The MPG I posted is the BEST I have gotten. I don't go on long trips all the time. If I had to give an average for all my driving, I'd have to say its about 19-21 mpg. When I go on long trips that is when my mpg increases, but that is non stop. Others have reported getting in 25-28 mph as well. By no means is this all the time I am getting 28 mpg. 

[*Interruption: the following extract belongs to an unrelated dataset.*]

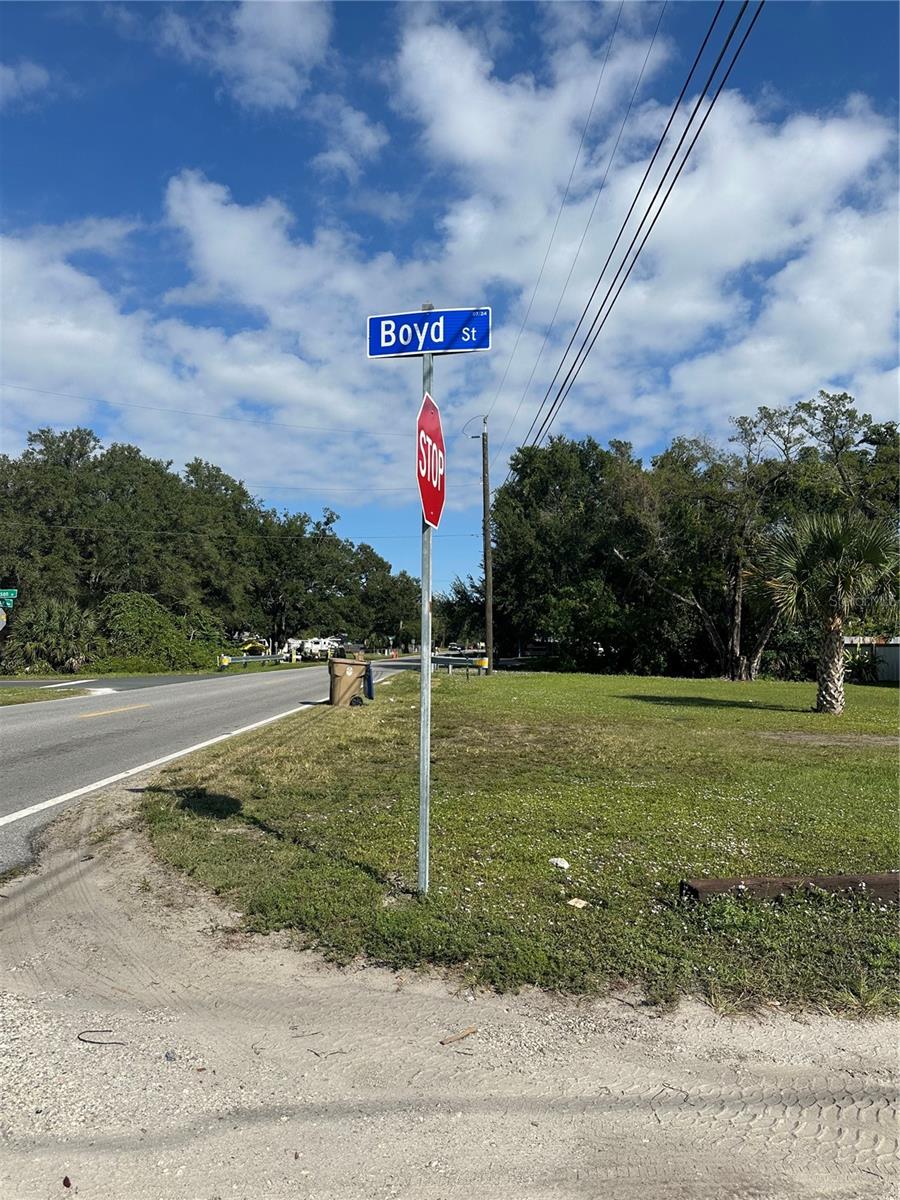 Image 6 of 6 For 717 Boyd Street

As I stated previous, our engines are not all created equal. Some are getting better performance than others, including oil usage.


----------



## MJGTOWISH (Jun 15, 2006)

GTO judge said:


> The MPG I posted is the BEST I have gotten. I don't go on long trips all the time. If I had to give an average for all my driving, I'd have to say its about 19-21 mpg. When I go on long trips that is when my mpg increases, but that is non stop. Others have reported getting in 25-28 mph as well. By no means is this all the time I am getting 28 mpg.
> 
> As I stated previous, our engines are not all created equal. Some are getting better performance than others, including oil usage.



Ok I am getting sick of these post,You need to the follwing. Get a Tuneup check you spark plugs. Have youre ecu checked out to be sure the goat is not running rich. check you airfliter I had a friend who has an grand piix 75,000 miles chaned filter once changed it got 3 more mpg. And check your cooliant levels espicaly if you live somewhere hot, And youre oil!!


----------



## PEARL JAM (Sep 6, 2005)

redrocketgto said:


> Fuel is different from one brand to another,check toptiergas.com.I use only Shell in all 3 of my cars.


Redrocket is 100%correct. In fact, GM has a technical service bulliton for all their vehicles to use toptiergas recamended fuels only.:cool


----------



## GTO JUDGE (May 14, 2005)

MJGTOWISH said:


> Ok I am getting sick of these post,You need to the follwing. Get a Tuneup check you spark plugs. Have youre ecu checked out to be sure the goat is not running rich. check you airfliter I had a friend who has an grand piix 75,000 miles chaned filter once changed it got 3 more mpg. And check your cooliant levels espicaly if you live somewhere hot, And youre oil!!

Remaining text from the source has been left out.